Thanks again, it worked well

Happy to help.

After this cell in the next cell

procs_nn = [Categorify, FillMissing, Normalize]
to_nn = TabularPandas(df_nn_final, procs_nn, cat_nn, cont_nn, splits=splits, y_names=dep_var)

receives the following error in Google colab:


ValueError Traceback (most recent call last)
in ()
1 procs_nn = [Categorify, FillMissing, Normalize]
----> 2 to_nn = TabularPandas(df_nn_final, procs_nn, cat_nn, cont_nn, splits=splits, y_names=dep_var)

14 frames
/usr/local/lib/python3.6/dist-packages/pandas/core/ops/init.py in to_series(right)
464 if len(left.columns) != len(right):
465 raise ValueError(
–> 466 msg.format(req_len=len(left.columns), given_len=len(right))
467 )
468 right = left._constructor_sliced(right, index=left.columns)

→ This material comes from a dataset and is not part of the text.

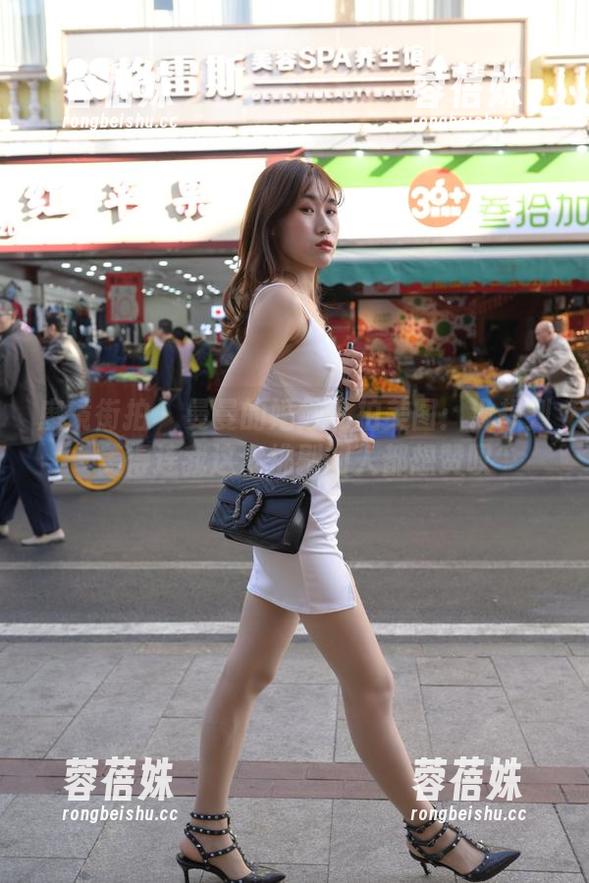 魔镜街拍 - 曼曼的婚纱私拍美图：没想到美得连我这个挑剔的人都想赞叹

ValueError: Unable to coerce to Series, length must be 1: given 0

Did anyone see this error in this chapter as well?

1 Like

I think the issue is the continuous column saleElapsed has dtype=object (which you can discover with df_nn_final.info()). You can fix this with by adding df_nn_final.saleElapsed = df_nn_final.saleElapsed.astype(float).

If you get a SettingWithCopyError then change
df_nn_final = df_nn[list(xs_final_time.columns) + [dep_var]]
(from a few cells earlier) to
df_nn_final = df_nn[list(xs_final_time.columns) + [dep_var]].copy()

2 Likes

I think the typo should be correct as:

m_rmse(m2, xs_filt2, y_filt), m_rmse(m2, valid_xs_time2, valid_y) # changed m -> m2

But I’m still working it through so I might be wrong.

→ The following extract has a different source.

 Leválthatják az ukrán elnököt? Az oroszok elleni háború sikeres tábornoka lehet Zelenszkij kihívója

I have same error. have you found a solution?
Never mind.
chaseos is right. My mistake.

This is correct, you want to change m to m2. This line is supposed to be printing the rmse for the training and validation sets on our newly trained random forest (m2) that no longer uses the fiModelDescriptor feature.

(Changing the line instead from xs_filt2 to xs_filt will make the code run, but you’ll be printing the rmse for the the training set on one model and then for the validation set on another model – probably not what you want to look at.)

This worked for me. Another way to avoid the SettingWithCopyError is if you do

df_nn_final = df_nn_final.astype({"saleElapsed": float}).